Nowadays, you can find Kelly buried in textbooks at Illinois State University where she attends school. When she finishes her degree, she wants to find a job as a social worker or a special education teacher. “As long as I get to be around people with disabilities or people that need help,” Kelly told us, “I’ll be happy.” But one of the reasons Kelly will make such an excellent role model to others is because she herself knows how difficult it can be to be different. At elementary school during lunch time, she sat apart from her peers. She ate different foods than they did; watched as everyone else consumed anything they wanted without a second thought. Kelly never shared their carefree attitude. Even at a young age, she was hyper-vigilant about what she ate. The wrong thing, one mistake, could be life-threatening.
Kelly has MSUD, an extremely rare metabolic condition. Because Kelly is missing an essential enzyme in her liver, she is not able to metabolize protein. Therefore, Kelly relies on a formula (fed to her through a G-tube) to receive the necessary minerals and compounds to keep her body alive. On top of that, she was diagnosed with Cerebral Palsy at age 3.
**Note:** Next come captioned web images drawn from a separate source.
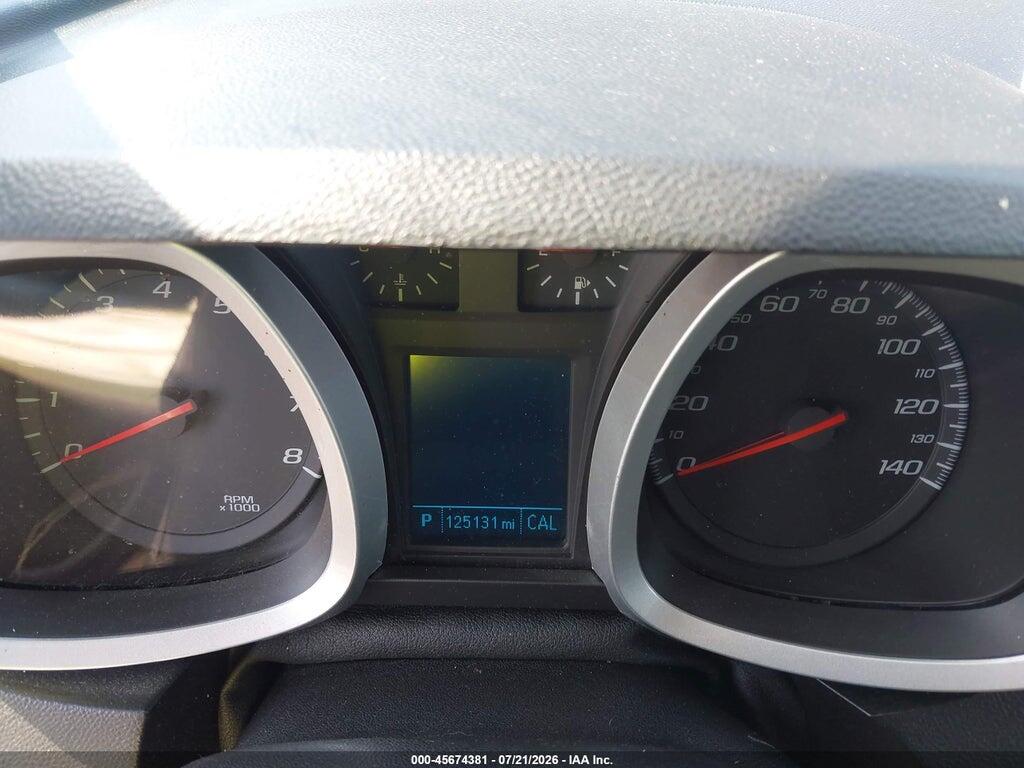 2GNFLFEK1G6252220 2016 CHEVROLET EQUINOX photo no. 7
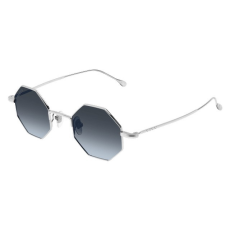 Gucci GG1814S 003 SHINY SILVER BLUE GRADIENT(DOUBLE) napszemüveg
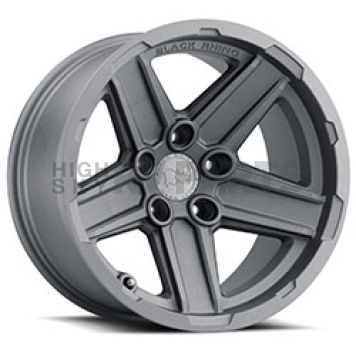 Black Rhino Wheel Recon - 17 x 9.5 Gunmetal - 1795RCN-25127G71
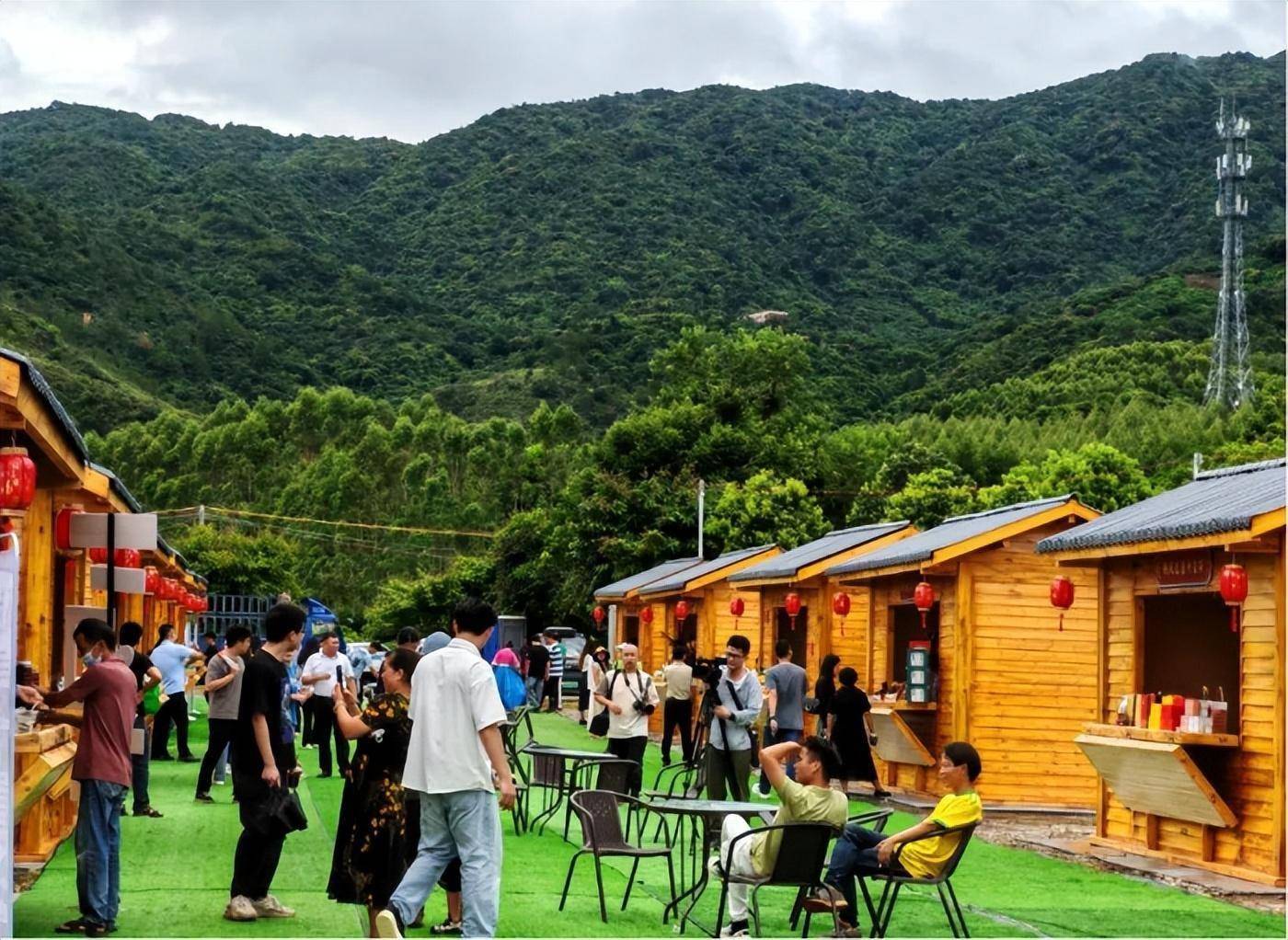 2024年惠东县非遗互动周 盛启"山海之美" 新篇章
The road to her dreams was not paved and clearly marked. Kelly had to carve it out. She could have just as easily stayed home, instead of joining a wheelchair basketball league where she played for years. It would have been less work for her to bypass community events instead of constantly asking her family or friends for rides. She didn’t have to volunteer her time at an animal shelter or clean up a local beach. No one asked her to. That’s specifically why she did.
The people that want to live life on a grander scale do not get entangled in the miniscule details of why it shouldn’t work. The tiny “can’ts” and “buts” exist on a level far below them. Kelly has never taken the easy road. She has no interest in starting now. But she needed something she couldn’t get herself. The girl who had always helped everyone else her whole life finally needed something – and Chive Charities couldn’t be happier to step in.
A week after she was born, Kelly’s mom brought her back to the hospital. She wasn’t acting the way her two older brothers had as infants. Shortly after, Kelly fell into a coma. When she woke doctors were able to diagnose her with MSUD. It was a genetic disorder and both her parents were carriers. But unforeseen damage had already been done.
Because of the two weeks she spent in a coma, Kelly suffered brain damage. It is because of this brain damage that Kelly later received the diagnosis of Cerebral Palsy. The coma that she lapsed into while doctors struggled to find her first diagnosis, caused her second.
Here's the cute little daisy in school.
Kelly became a Girl Scout because she wanted to help others. She wanted to donate her time and effort to bringing more happiness into the world. Alone, that is an admirable and outstanding quality. Considering Kelly’s own disabilities, it’s inspiring.
Sports and group activities have always been important to Kelly. She waterskis, swims, plays soccer, shoots hoops, and is always looking forward to the next adventure. Her appetite for life is insatiable, and it creates an energy that attracts people to her like a moth to a flame.
At the heart of it all, Kelly only wants to be fulfilled in what she does. She wants a job that allows her to give back. But she also wants to be able to do this on her own terms. She wants complete independence, reliance on no one but herself.
With her new ADA van with hand controls provided by the Chive Fund, she’s achieved it. Kelly will only know total independence from this point forward.
This community, more than most, can attest to the power of kindness. We know firsthand how one kind word or deed can change the course of a life. We have built dreams out of nothing in less than a day. Chivers with a few extra bucks in their pocket have come together and in a couple hours, raised more money for a deserving family than they could ever dream. There is no more noble act than an act of kindness, and Kelly has decided to build a career out of them.
Every decision to do good furthers a ripple effect. Those who receive an act of random generosity or kindness are provoked to in turn, pay it forward to another. Chive Fund donors each made the decision to start this ripple effect when they donated to Chive Charities. Chive Charities made the decision to continue it by allocating a $41,000 grant from these funds to change Kelly’s life with a wheelchair-accessible van. If you think this is the end of this story, you are mistaken. Kelly will use this van as a vessel to bring happiness into other’s lives. She will touch everyone she works with, leaving a trail of positivity behind her wherever she goes. And those people will remember her kindnesses, as she remembered ours, and continue this ripple effect farther than any of us could imagine.
This is not the end of Kelly’s story. This is the beginning.